冷徹なカレは溺甘オオカミ
久しぶりの同期会は、今までと比べると早めと言える、22時頃にお開きとなった。

梅野は実家に預けた子どもたちを迎えに行かなくてはいけないし、梶谷は明日、友達の結婚披露宴で友人代表スピーチという大役がある。

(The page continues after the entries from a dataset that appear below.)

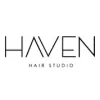 Haven Hair Studio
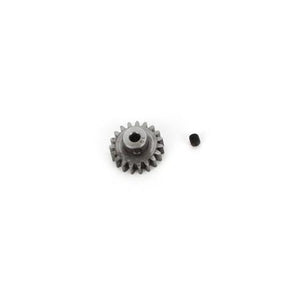 Robinson Racing HARDENED 19T PINION GEAR 32P RRP1719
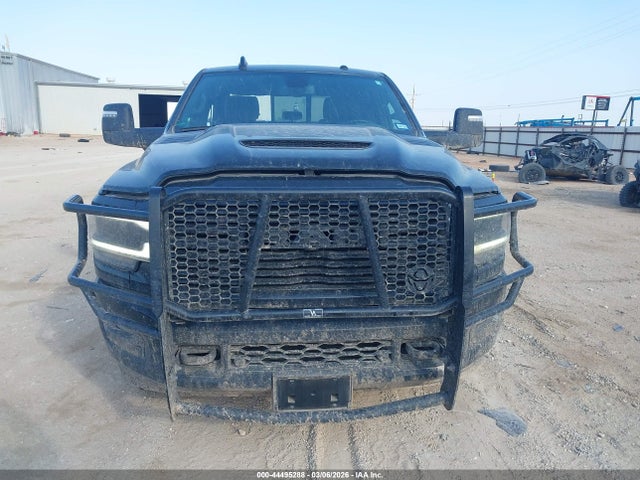 Aukcja sprzedaży 2023 Ram 2500 Laramie  4x4 6'4 Box, vin: 3C6UR5FL3PG646944, numer aukcji: 44495288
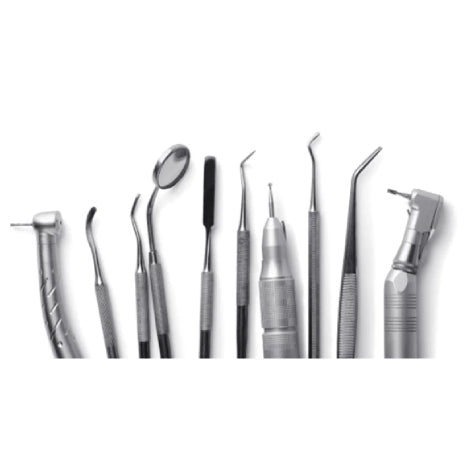 Industrial Product Design Services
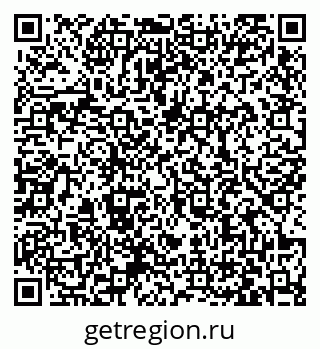 79063420096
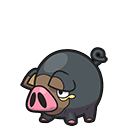 Lechonk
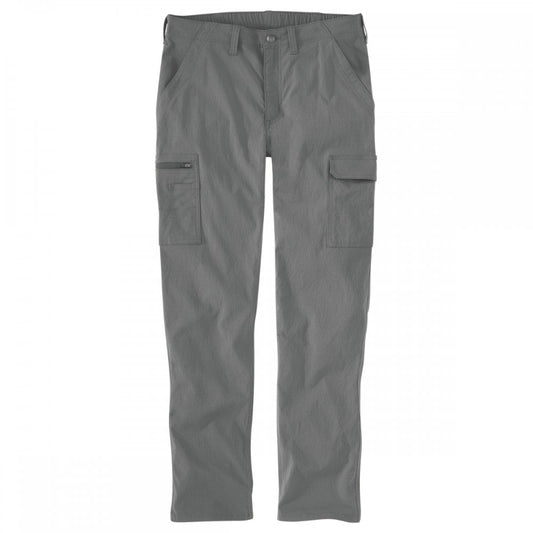 107329 Relaxed Tapered Carhartt Force™ Ripstop Cargo Pant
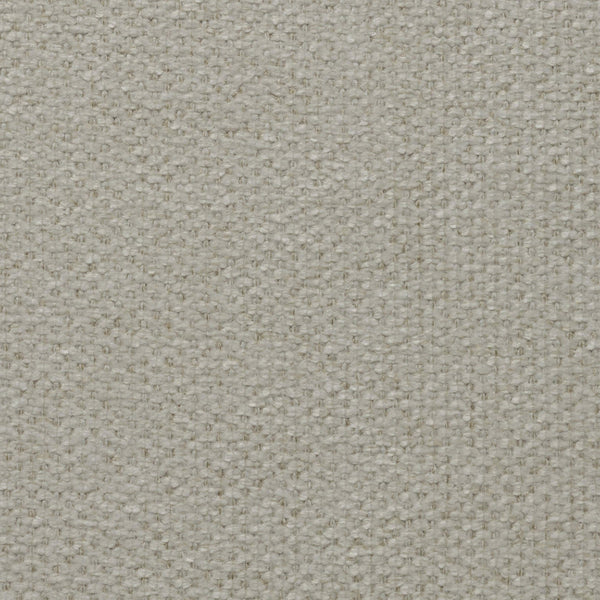    tecido_fabric_anti_manchas_para_estofos_Brook_bege_claro_texland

明日は土曜日で、しかもわたしにこれといった予定なし。よっぽどのお酒好きなら、ここでおひとり様でも次のお店に行くのだろうけど……あいにくわたしはそこまでの酒豪でもないし、このままさっさと帰路につくことにする。



「じゃあなふたりとも! また集まろうなー!!」



ほろ酔いな緩みきった表情で両手をあげる梶谷を見て、梅野が楽しげに笑う。



「うん、絶対!! 梶谷も柴咲も、仕事がんばってね」

「ありがと梅野。梶谷、今度帰って来るときはわたしにも連絡寄越しなさいよ?」

「はは、考えとく!」



わたしのジト目にも梶谷はおかしそうに笑い、重そうなキャリーバッグを引きながら宿泊するホテルへと向かっていく。

梅野はバス、わたしは電車だから、3人とも駅前で見事にバラけた。


通い慣れた駅の中を歩いて改札を抜けると、ちょうどホームに電車が入ってきたのでそれに乗り込む。

少しだけほてった頬に指先で触れながら、アルコールの香りがするため息をついた。


……なんか。

なんでか、今、無性に──……。